Content starts
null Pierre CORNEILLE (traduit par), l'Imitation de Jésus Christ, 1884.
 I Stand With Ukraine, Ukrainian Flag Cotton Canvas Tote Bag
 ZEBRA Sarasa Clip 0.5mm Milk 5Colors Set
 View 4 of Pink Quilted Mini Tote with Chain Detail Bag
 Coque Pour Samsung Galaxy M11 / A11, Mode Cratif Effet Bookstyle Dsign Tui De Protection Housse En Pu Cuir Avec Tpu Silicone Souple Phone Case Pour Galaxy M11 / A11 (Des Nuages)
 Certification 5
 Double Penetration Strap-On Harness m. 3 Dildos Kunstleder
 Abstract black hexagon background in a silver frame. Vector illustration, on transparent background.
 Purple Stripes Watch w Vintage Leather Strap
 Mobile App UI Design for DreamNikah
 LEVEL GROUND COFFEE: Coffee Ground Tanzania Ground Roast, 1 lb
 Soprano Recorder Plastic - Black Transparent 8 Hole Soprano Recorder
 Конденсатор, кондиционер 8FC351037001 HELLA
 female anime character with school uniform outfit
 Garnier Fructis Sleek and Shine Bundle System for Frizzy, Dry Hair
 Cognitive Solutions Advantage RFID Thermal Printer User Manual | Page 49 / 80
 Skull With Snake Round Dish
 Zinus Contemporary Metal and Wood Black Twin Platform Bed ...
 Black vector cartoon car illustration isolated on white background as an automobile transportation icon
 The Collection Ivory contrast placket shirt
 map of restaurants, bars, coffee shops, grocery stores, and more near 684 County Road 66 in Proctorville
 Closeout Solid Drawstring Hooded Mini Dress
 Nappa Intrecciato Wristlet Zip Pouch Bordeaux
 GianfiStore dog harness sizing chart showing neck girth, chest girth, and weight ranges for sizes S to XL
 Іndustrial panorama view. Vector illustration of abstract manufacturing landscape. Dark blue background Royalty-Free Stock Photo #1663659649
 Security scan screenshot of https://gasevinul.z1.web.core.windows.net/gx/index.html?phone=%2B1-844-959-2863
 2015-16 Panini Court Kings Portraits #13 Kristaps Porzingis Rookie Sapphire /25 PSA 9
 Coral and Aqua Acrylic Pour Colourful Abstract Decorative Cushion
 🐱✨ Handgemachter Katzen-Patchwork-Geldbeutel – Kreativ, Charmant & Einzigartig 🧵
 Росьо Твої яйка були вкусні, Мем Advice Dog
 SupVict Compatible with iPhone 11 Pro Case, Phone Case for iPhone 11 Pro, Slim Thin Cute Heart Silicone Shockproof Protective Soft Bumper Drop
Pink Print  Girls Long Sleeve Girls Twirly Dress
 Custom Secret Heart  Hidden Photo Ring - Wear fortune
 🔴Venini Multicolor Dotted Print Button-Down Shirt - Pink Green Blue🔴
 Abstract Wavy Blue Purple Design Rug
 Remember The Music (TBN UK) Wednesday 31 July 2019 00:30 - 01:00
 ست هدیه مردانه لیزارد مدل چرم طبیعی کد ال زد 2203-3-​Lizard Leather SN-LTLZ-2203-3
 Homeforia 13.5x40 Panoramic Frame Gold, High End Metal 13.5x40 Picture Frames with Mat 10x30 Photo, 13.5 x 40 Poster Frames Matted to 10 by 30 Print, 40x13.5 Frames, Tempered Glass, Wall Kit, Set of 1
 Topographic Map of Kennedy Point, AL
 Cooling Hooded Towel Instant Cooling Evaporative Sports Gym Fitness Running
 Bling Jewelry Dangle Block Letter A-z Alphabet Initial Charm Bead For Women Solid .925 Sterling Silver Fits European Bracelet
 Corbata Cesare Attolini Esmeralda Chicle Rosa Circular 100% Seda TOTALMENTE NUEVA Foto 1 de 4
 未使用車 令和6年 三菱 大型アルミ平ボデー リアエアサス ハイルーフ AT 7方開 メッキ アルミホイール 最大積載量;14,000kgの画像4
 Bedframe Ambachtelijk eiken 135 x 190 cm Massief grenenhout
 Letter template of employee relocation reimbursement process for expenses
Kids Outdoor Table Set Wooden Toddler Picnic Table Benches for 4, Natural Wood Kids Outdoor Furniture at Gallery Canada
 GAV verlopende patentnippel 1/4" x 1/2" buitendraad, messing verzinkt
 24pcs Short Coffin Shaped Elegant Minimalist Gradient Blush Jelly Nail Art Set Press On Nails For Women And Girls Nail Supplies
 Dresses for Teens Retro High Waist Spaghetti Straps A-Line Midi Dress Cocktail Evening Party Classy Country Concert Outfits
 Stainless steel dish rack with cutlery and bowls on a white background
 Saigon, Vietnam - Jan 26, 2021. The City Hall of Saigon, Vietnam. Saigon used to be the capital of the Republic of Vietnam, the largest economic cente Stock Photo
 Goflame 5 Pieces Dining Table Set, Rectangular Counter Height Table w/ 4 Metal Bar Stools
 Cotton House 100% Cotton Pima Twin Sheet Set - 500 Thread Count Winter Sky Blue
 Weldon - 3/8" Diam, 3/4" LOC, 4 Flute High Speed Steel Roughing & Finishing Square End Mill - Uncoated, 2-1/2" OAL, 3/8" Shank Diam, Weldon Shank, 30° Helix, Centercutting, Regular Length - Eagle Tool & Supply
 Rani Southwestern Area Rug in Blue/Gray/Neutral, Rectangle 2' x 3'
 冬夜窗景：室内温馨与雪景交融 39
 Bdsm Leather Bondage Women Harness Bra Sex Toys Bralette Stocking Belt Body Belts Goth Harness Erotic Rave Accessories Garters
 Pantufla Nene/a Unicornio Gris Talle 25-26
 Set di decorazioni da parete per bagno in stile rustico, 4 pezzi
Content ends
In the entries above, find the line holding "Goflame 5 Pieces" and the line holding "Tool & Supply"; print both of them and every line between, exactly, and nothing else.

### Completed task:
 Goflame 5 Pieces Dining Table Set, Rectangular Counter Height Table w/ 4 Metal Bar Stools
 Cotton House 100% Cotton Pima Twin Sheet Set - 500 Thread Count Winter Sky Blue
 Weldon - 3/8" Diam, 3/4" LOC, 4 Flute High Speed Steel Roughing & Finishing Square End Mill - Uncoated, 2-1/2" OAL, 3/8" Shank Diam, Weldon Shank, 30° Helix, Centercutting, Regular Length - Eagle Tool & Supply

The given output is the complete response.